West’s Ideas Aggravated Poverty and Deforestation
 

By Michael A. Bengwayan,
Director, Cordillera Ecological Center

http://cordilleraecologicalcenter.wordpress.com
 

Michael A. Bengwayan

There is a failing attempt to curve down the fast growing index of poverty and deforestation in many developing countries because attempts to do so were based on the neo-Malthusian perception that these phenomena are the results of high population growth and low agricultural productivity.

The World Bank and the Asian Development Bank, two leading financing institutions that dictated the pace of solving poverty vis-à-vis deforestation, proposed and still adhere that to close the gap between population growth and low yields, labor and land-saving technologies from the West were the answers.

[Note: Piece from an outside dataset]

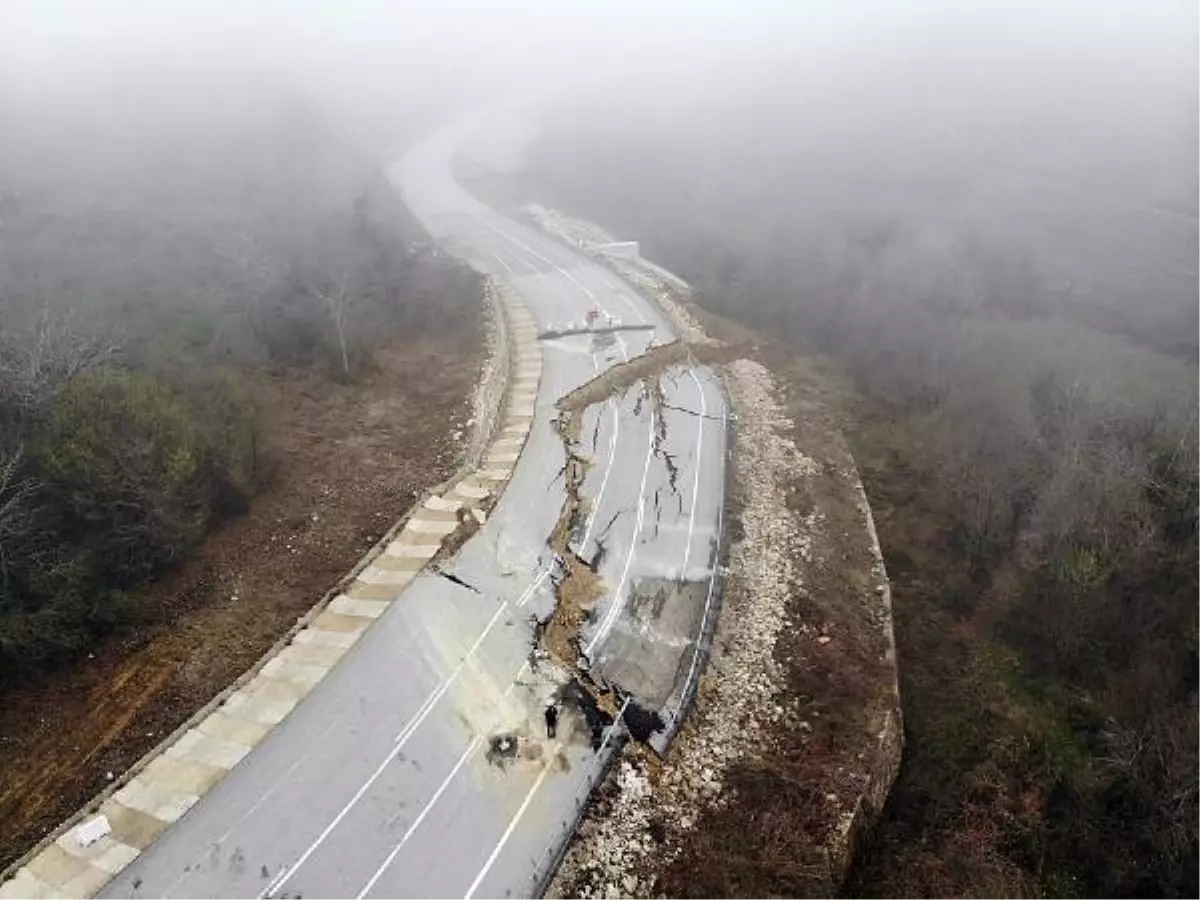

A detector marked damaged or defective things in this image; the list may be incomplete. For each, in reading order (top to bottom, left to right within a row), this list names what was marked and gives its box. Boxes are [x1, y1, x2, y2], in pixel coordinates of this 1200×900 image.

cracked asphalt road [94, 112, 728, 900]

Well, they are not. And these hardly helped at all. In many cases, it worsened the lot of already impoverished communities. This approach proved too often a misleading guide. The diffusion of the new technologies was related to agroclimatic and socio-economic conditions and was introduced in a pattern of sequential cycles.

This process led to homogenous technological packages within a context of extreme ecological, ethnic and socioeconomic diversity. Mechanization came after the technologies, then pesticides, inorganic fertilizers, hybrids and now GMOs.

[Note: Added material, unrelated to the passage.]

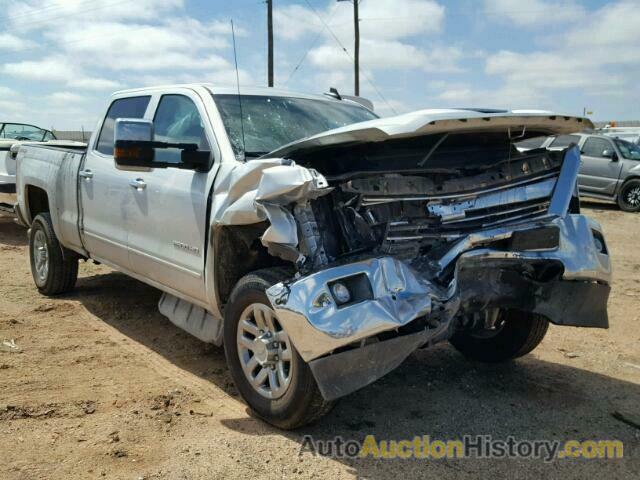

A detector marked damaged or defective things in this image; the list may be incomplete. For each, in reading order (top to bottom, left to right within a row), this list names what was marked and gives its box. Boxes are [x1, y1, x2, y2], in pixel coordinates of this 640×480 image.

The coming of technological innovation disregarded the climatic diversity and ecological complexity such that rural poverty worsened because the resource poor farmers were pushed by structural forces to become agents of erosion and deforestation by advancing the agricultural frontier into fragile ecosystems.

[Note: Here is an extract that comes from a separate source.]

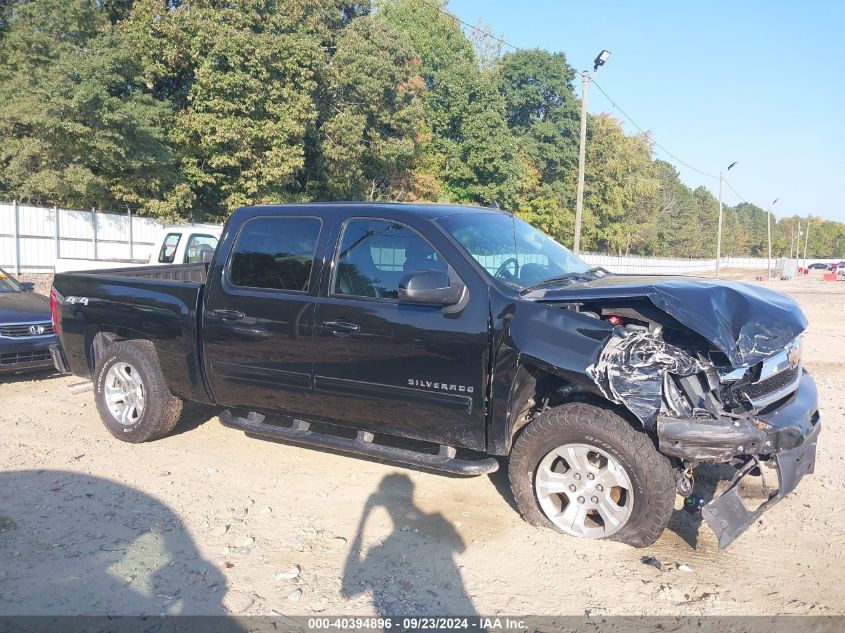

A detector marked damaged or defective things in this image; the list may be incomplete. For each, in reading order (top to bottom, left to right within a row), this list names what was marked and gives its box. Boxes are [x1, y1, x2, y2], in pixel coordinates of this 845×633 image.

crumpled hood [0, 288, 51, 324]
crumpled hood [524, 276, 808, 368]
front-end collision damage [584, 328, 704, 428]
damaged front bumper [656, 370, 816, 548]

In the agricultural belt of northern Philippines alone, some 50,000 hectares of forest lands were lost to farming in just 20 years.

The technological development championed by international agricultural research centers ran field experiments with state of the art laboratories and declared success in many experiments. Something which could not be realistic in farmers’ fields.

These massive efforts in ramming down technological adoption to the throats of farmers resulted to severe ecological trade-offs. By disregarding the “production rationale” of local farmers, modernization efforts caused disruption of traditional farming systems which were sustainable.

Most agroecologists now say that the development of an appropriate technology for farmers will require the combination of traditional as well as modern agricultural knowledge and practices.

To my mind, two scientific paradigms, agroecology and ethnoecology stand out as effective ways. Simply said, these methods include, traditional home gardens, permaculture, agroforestry and integrated farming systems. All four have been scoffed-off by scientists earlier for decades.

Now, they may be the only solution we have.